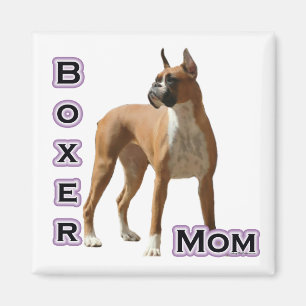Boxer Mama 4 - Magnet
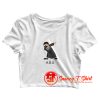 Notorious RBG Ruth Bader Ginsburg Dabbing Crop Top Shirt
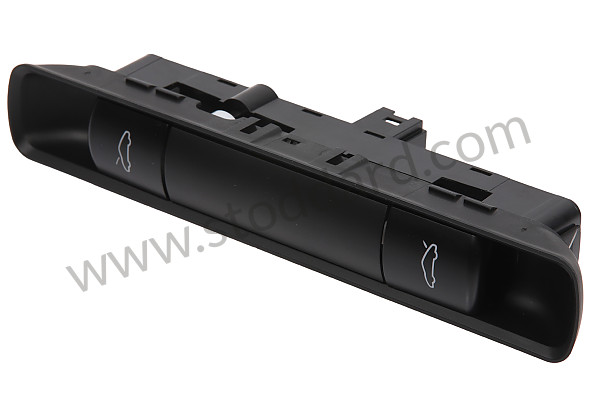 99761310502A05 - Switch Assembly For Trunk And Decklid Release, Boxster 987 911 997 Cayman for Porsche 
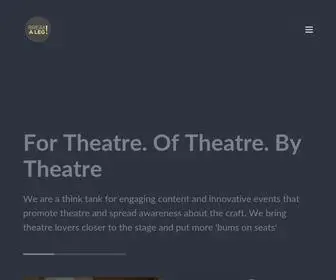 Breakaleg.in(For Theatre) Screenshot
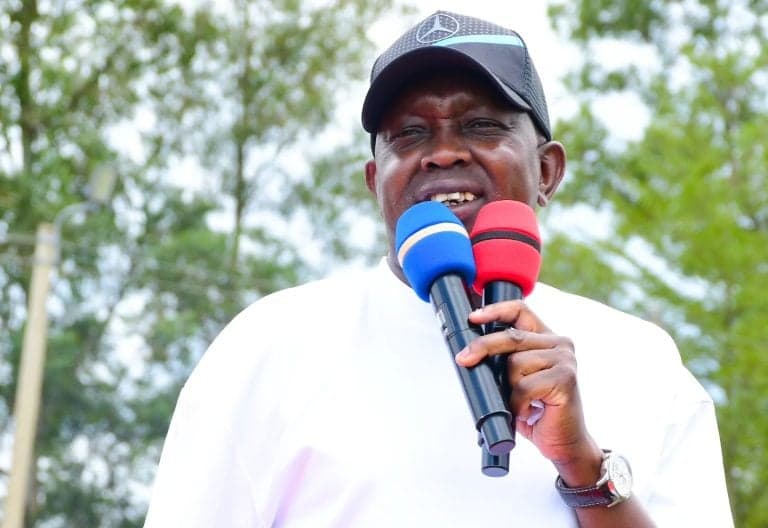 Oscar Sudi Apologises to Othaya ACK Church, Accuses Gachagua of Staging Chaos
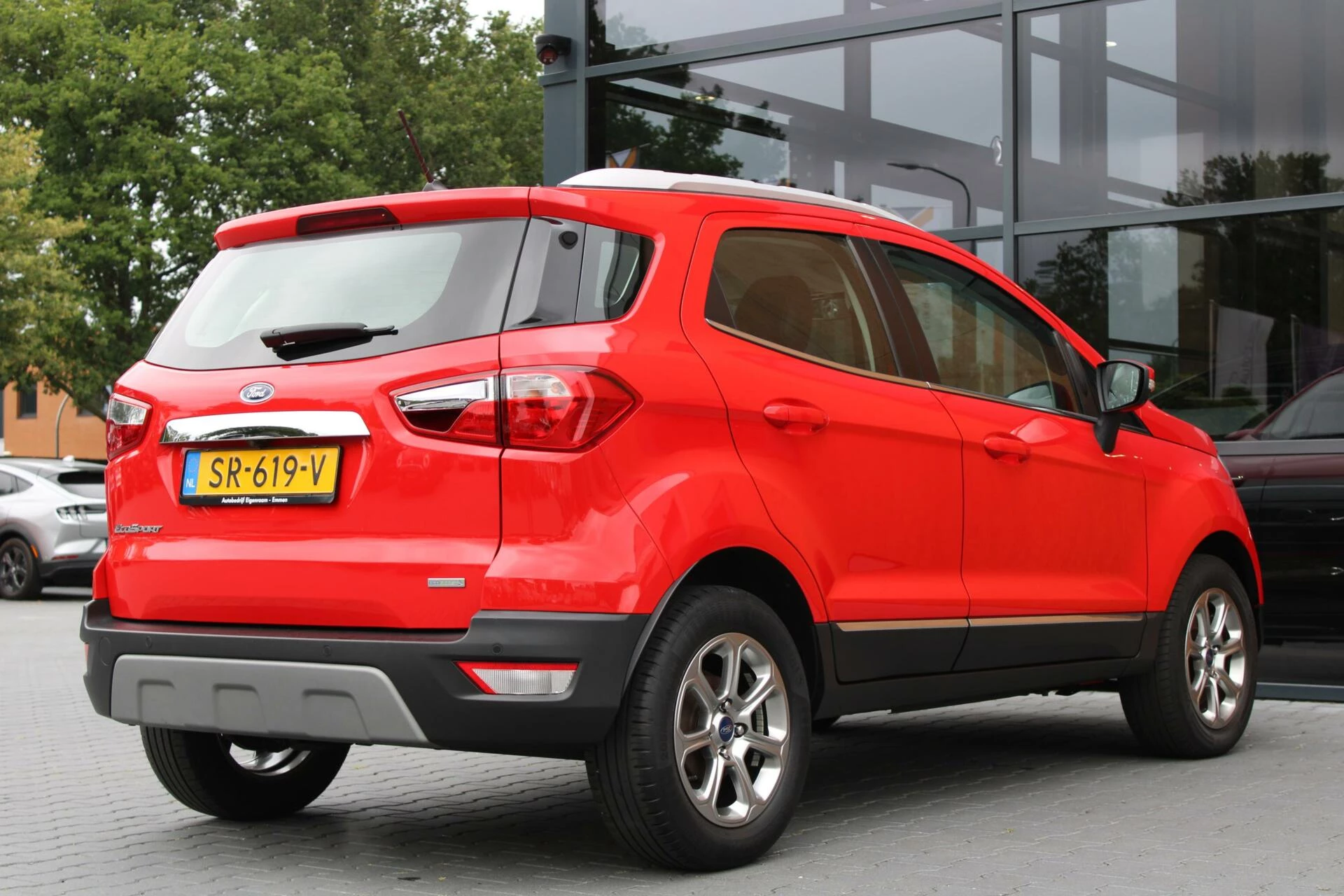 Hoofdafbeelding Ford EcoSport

—————

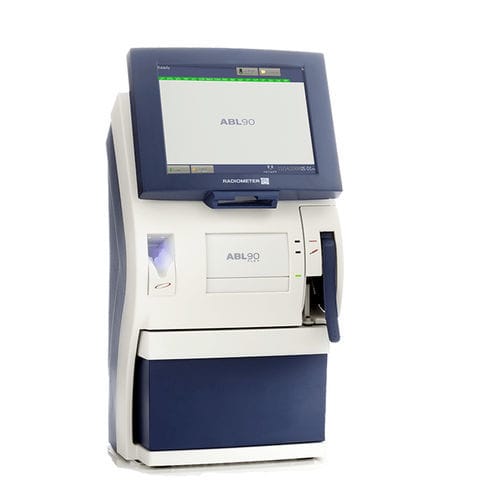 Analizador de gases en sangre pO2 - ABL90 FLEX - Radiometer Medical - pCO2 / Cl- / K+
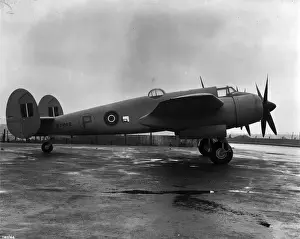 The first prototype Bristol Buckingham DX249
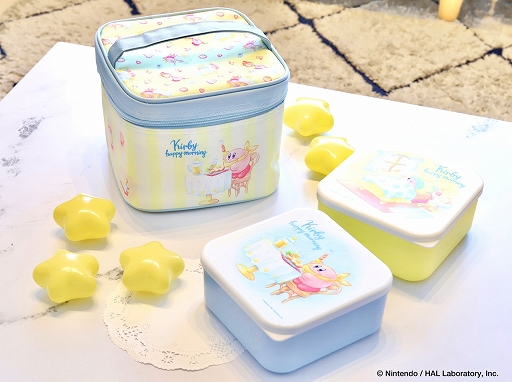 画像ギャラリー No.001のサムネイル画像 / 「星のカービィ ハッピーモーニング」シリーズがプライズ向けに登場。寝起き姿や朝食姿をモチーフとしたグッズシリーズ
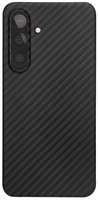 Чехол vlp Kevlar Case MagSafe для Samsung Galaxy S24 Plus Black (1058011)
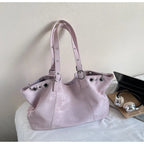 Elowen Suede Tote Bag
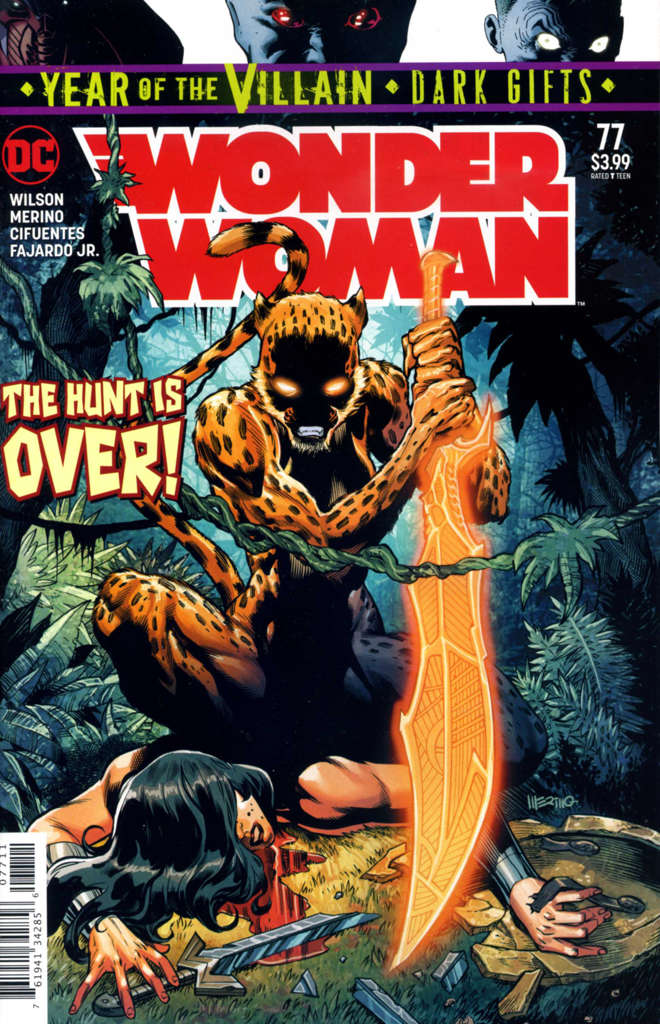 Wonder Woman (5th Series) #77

—————

What is required. Within the material above, find the part that opens with the line containing "The first prototype Bristol Buckingham DX249" and closes with the line containing "Wonder Woman (5th Series) #77", and reproduce it exactly without the pictures.

Answer space.
 The first prototype Bristol Buckingham DX249
 画像ギャラリー No.001のサムネイル画像 / 「星のカービィ ハッピーモーニング」シリーズがプライズ向けに登場。寝起き姿や朝食姿をモチーフとしたグッズシリーズ
 Чехол vlp Kevlar Case MagSafe для Samsung Galaxy S24 Plus Black (1058011)
 Elowen Suede Tote Bag
 Wonder Woman (5th Series) #77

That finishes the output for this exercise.